That is fact, unlike your theory about how the armature needs an some "magnetic connection" to "get the flywheel moving" somehow via the starter and solenoid. That's why I said "proveable fact". The theories you are providing are not how the engine works. The armature doesn't have anything to do with the engine cranking.

If adjusting the valves did more harm than good, you adjusted them wrong. Look at your owners manual and read about the importance of adjusting the valves on a regular basis, as part of routine maintainence. I get tons of them every year in my shop with the same problem. Seems like every few years, they get out of adjustment bady enough to disable the compression release.

Was the valve adjustment what made yours easier to crank? I don't know, it could be the cleaned ground cable or the new solenoid, but I do know it wasn't the sanding of the flywheel. Possibly in the process of sanding the flywheel you moved a wire or inadvertently did something else that fixed the problem, I don't know.

I am going to withdraw politely now, because too often I see these discussions turn bad and I fear that I sense frustration developing in your reply. I have no hard feelings or intend no disrespect. If you can prove with something other than circumstance (the fact that it truned after you sanded the flywheel) that the rust was causing the problem, I will cheerfully eat my words.

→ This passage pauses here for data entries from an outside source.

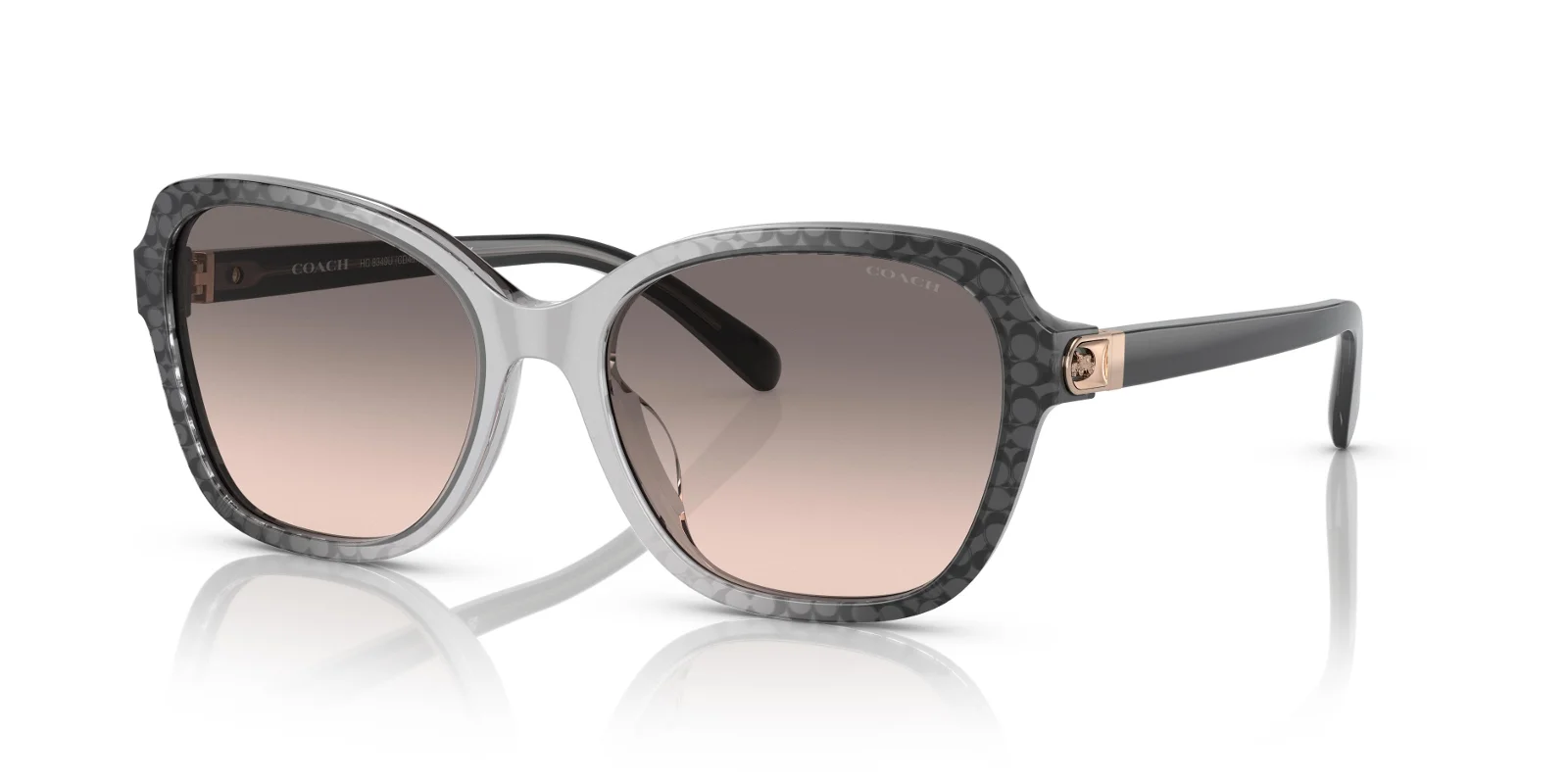 Coach Sunglasses HC8349U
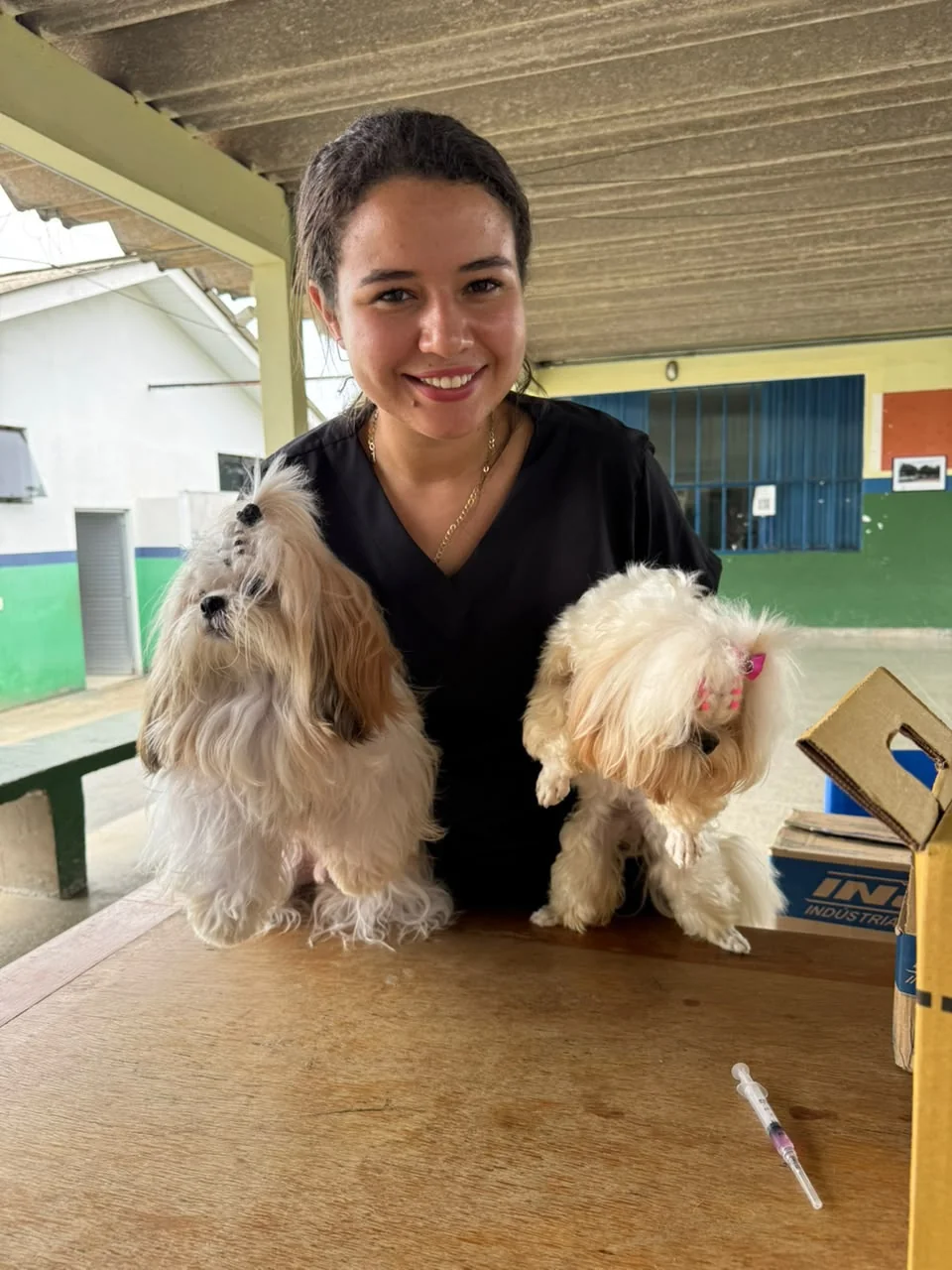 Prefeitura de Ji-Paraná vacina 7.918 cães e gatos contra a raiva no 1º distrito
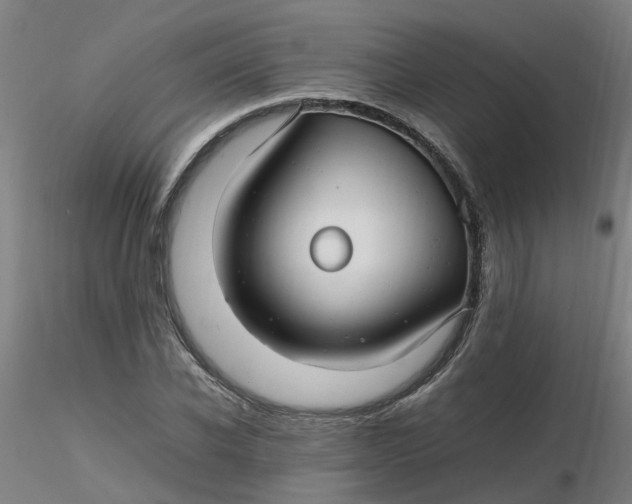 X0000116350926200912221459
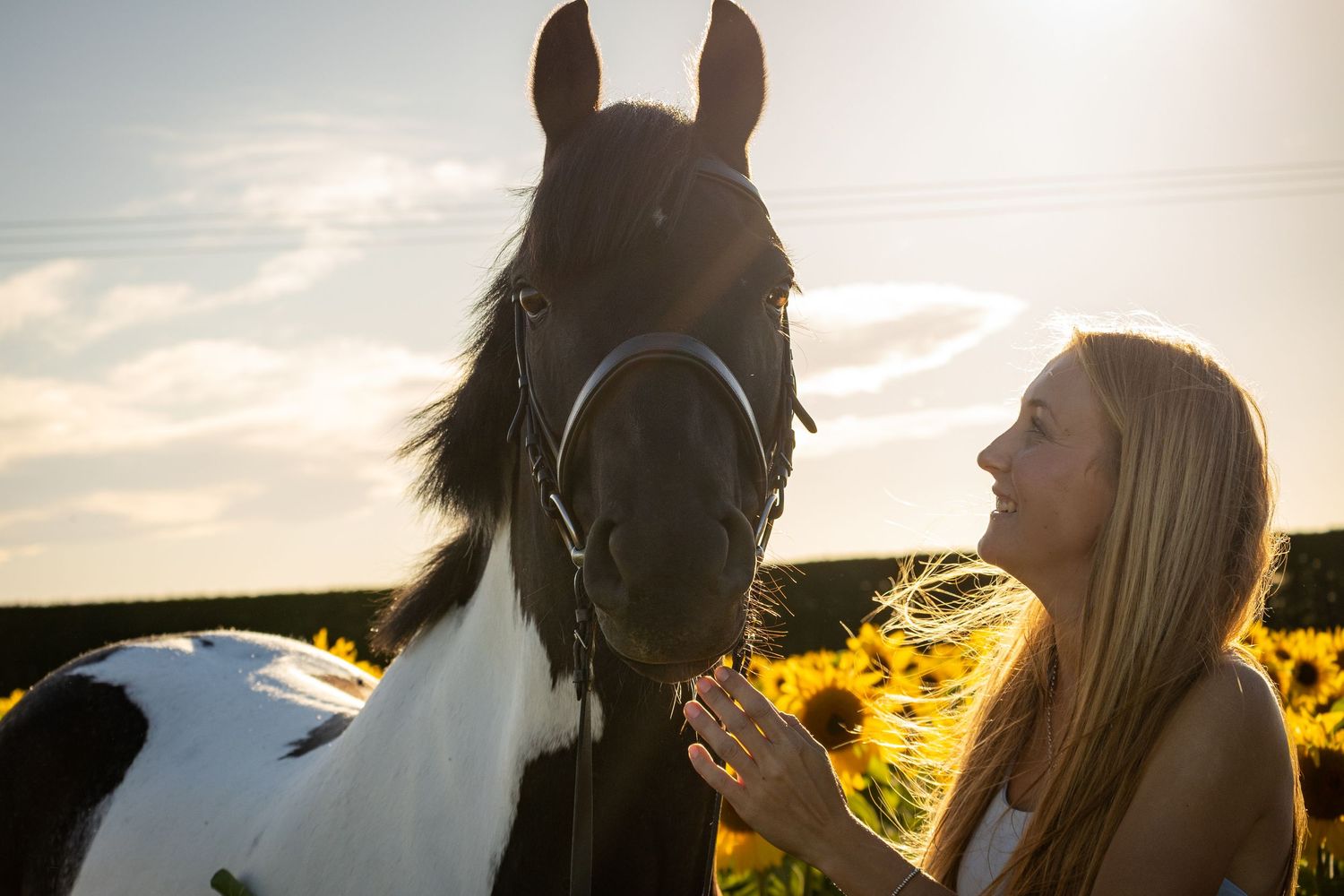 Woman with blonde hair gently bonding with a black and white horse in a sunflower field at golden hour sunset.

Really I guess it doesn't matter anyway...your engine is fixed, my point has been made as well as yours, so viewers can look, read, and decide what action to take based on their own judgement. I guess I'm just the type that when I know I'm right, I'll spare no expense to defend my position. Sometimes it's a blessing, sometimes it's a curse.
I have plenty of messageboard experience to know not to start thowing insults. It's classless.

All I know is what worked in my situation. Call it a theory, call it stupid, call it wrong. What happened, happened. The only thing that got my tractor to start freely with the spark plug in was sanding some thick rust off the armiture and the flywheel. You are correct that I don't necessarily know all there is to know about engines, or this engin in particular. Never claimed to. I am a novice. All I am trying to relay is what worked for me. It wasn't the valves, and the reason I believe that it wasn't the valves is because the tractor would start once, run extremely well, but then couldn't be restarted. The only 2 things that got that flywheel to spin freely was sand paper or removing the spark plug.

Maybe it was the amount of rust? I would spray the engine down almost religiously. I can't explain it. All I can do is tell you what happened, and tell you that I firmly believe it was not the adjustment of the valves. It's fine if that is normal maintenance, but in my case, I don't think it was completely necessary.